Aparte de The Little Black Bag, Kornbluth es conocido por sus colaboraciones con otros autores, en especial con Fredrik Pohl. Juntos, escribieron varias historias, siendo Gladiator-at-Law y Drunkard's Walk dos de sus trabajos más destacados. Su colaboración fue muy influyente en la ciencia ficción de la época y ayudó a definir el estilo y el contenido de la narrativa en este género. En 1953, su novela Space Merchants (una de las obras más emblemáticas de Kornbluth) se convirtió en una pieza fundamental dentro de la literatura de ciencia ficción, describiendo un futuro dominado por la publicidad y el consumismo extremo.
Pero la vida de Kornbluth no fue solo ciencia ficción. También trabajó en diversas ocupaciones a lo largo de su vida, incluyendo como editor y periodista. Su experiencia en el mundo del trabajo le brindó una perspectiva única que se reflejó en sus relatos. A pesar de su éxito, Kornbluth enfrentó problemas económicos y a menudo luchó por sostenerse a sí mismo y a su familia, lo que influyó en su visión del mundo y su trabajo literario.
Kornbluth fue un pionero no solo por sus historias, sino también por su capacidad para anticipar las direcciones futuras de la sociedad. Su habilidad para combinar la sátira con la ciencia ficción le permitió crear relatos que resonaban con los lectores y que, a menudo, ofrecían una visión inquietante sobre el futuro de la humanidad. Su obra ha sido influyente, inspirando a numerosos escritores que vinieron después de él.
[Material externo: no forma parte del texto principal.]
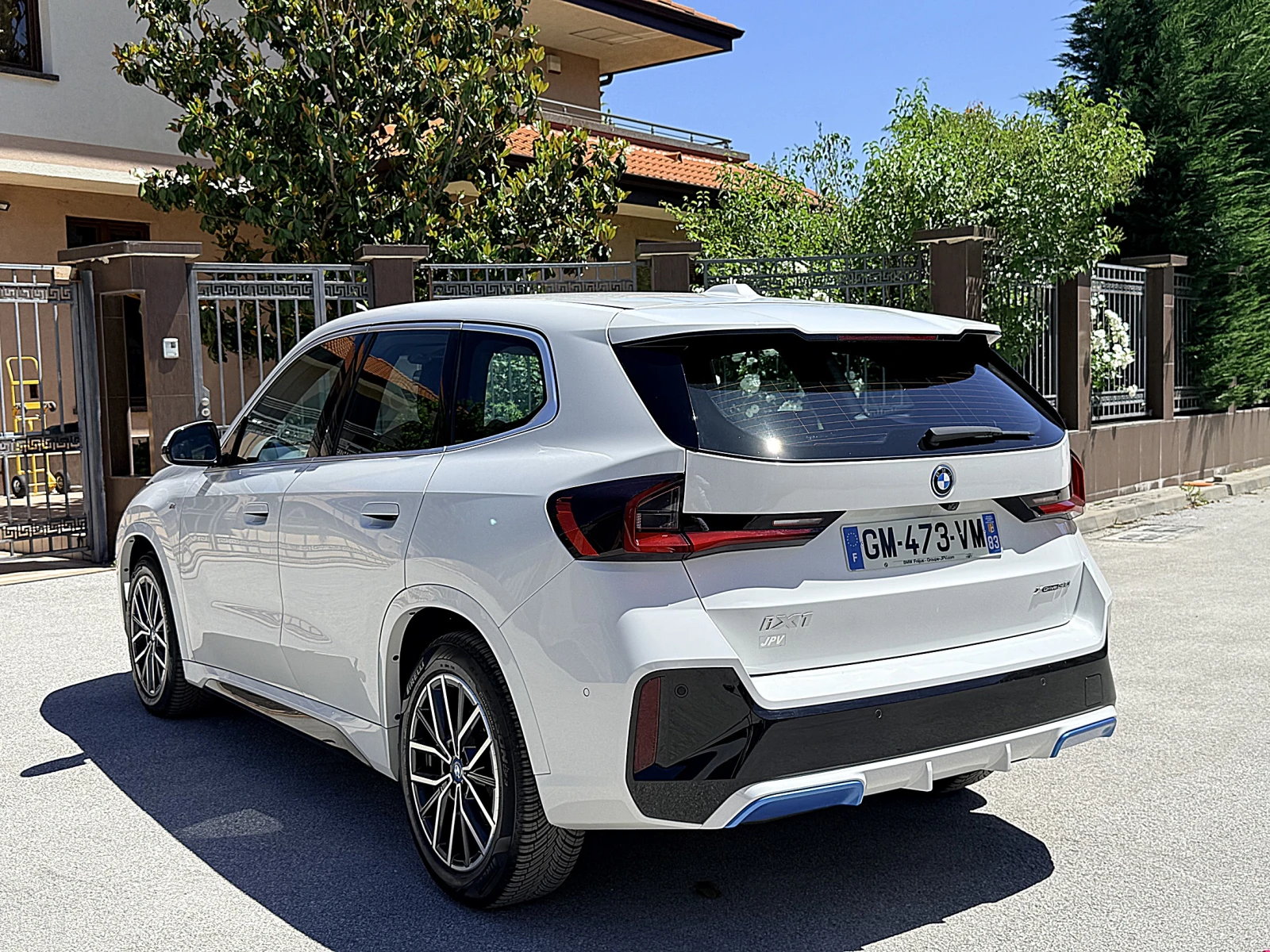 BMW iX1 30 xDrive/M Sport/4х4/313hp/CarPlay, снимка 8 - Автомобили и джипове - 55451221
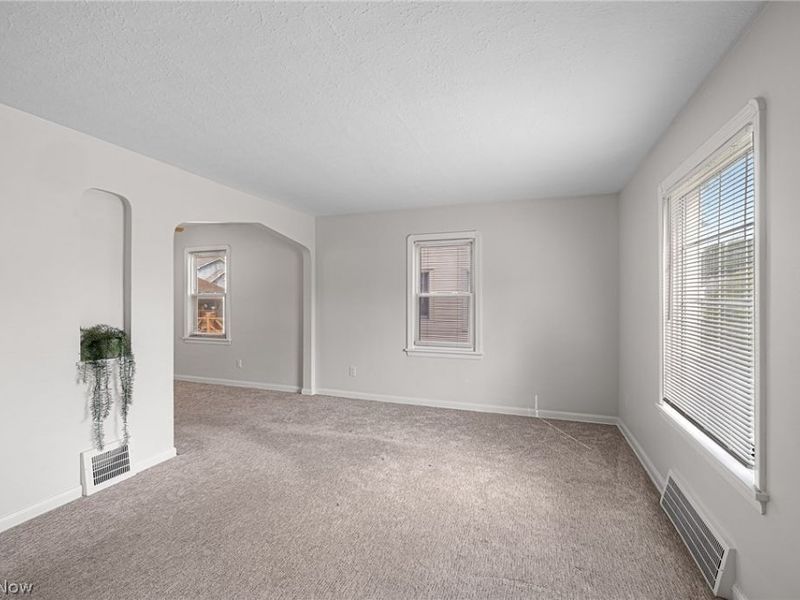 424 E 326th Street, Willowick, OH 44095 Photo 5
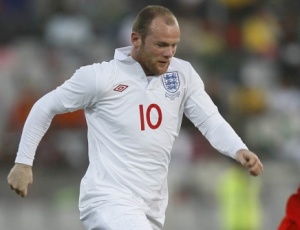 Rooney saiu do banco para definir jogo-treino ingls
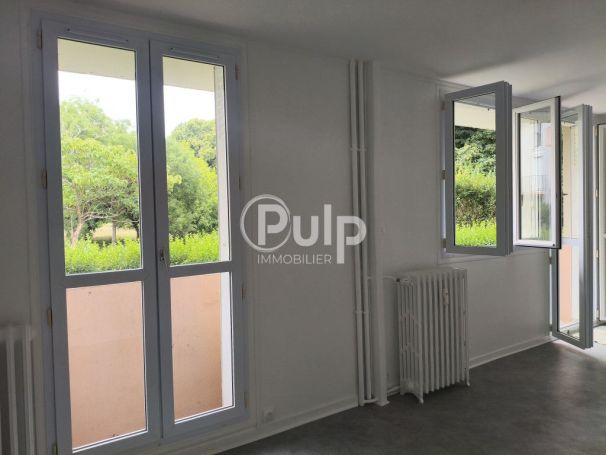 A louer APPARTEMENT T4 78 M2  ROCHEFORT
Desafortunadamente, la vida de Kornbluth fue relativamente corta. Falleció el 21 de marzo de 1958 a la edad de 34 años. A pesar de su temprana muerte, su legado en la ciencia ficción es perdurable. Sus historias siguen siendo leídas y estudiadas, y su influencia se siente en la obra de muchos autores contemporáneos.
Hoy en día, C. M. Kornbluth es recordado como una figura importante en la evolución de la ciencia ficción. Su capacidad para mezclar lo absurdo con la crítica social, su aguda percepción de la condición humana y su enfoque innovador del género han asegurado que su trabajo permanezca relevante, inspirando a nuevas generaciones de lectores y escritores.